The problem: as it is now (at least on NVIDIA) the driver implements glClientWaitSync with busy-wait instead of releasing the CPU.
I know that releasing the CPU imposes context-switching, which is heavy operation and has bigger latency but sometimes it is really needed.
For example in one my application i need to have a “waiter” thread with the sole purpose to block on fences and raises flags when fences are passed while consuming as little CPU as possible,
whereas various other threads are doing hard work on the CPU (the opengl drawing is done by another thread with shared context).
The working threads needs all the available CPU and wasting it for busy-waiting is extremely unwanted, it degrades the overall performance a great deal.

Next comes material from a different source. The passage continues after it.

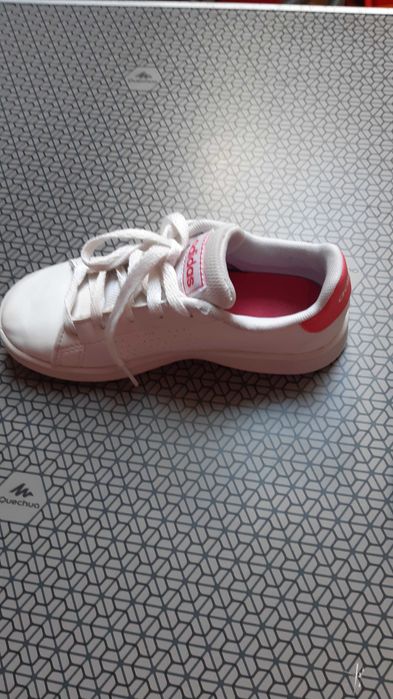 Sapatilhas Rapariga Adidas Neo Nº30.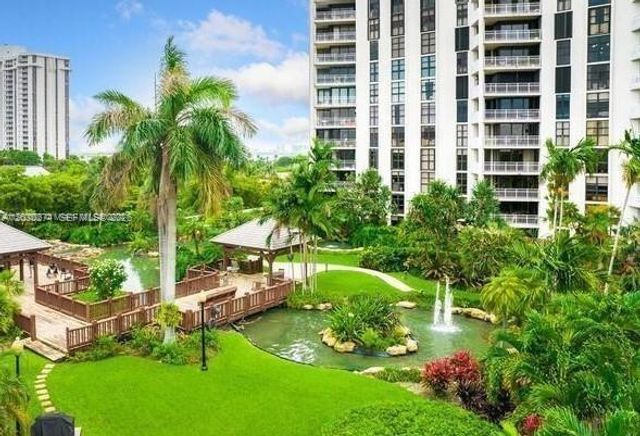 1000 Quayside Ter TS-10, Miami, FL 33138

In contrast, the bigger latency of glClientWaitSync if it was blocking instead of busy-waiting would be completely ok.
My suggestion: Please define a new flag for glClientWaitSync that forces the driver to block the thread (release the CPU) instead of doing busy-wait.
Also it would appear that the driver is doing other internal busy-waits. This is seen by the abnormal CPU consumption by internal driver
threads for no apparent reason.
Again, there are cases when the latency of the wait operaions is less important than the CPU utilization.
Please provide means for the application to express it’s preferences between lower-latency or lower CPU wastage by the driver. Maybe use the opengl hint mechanism.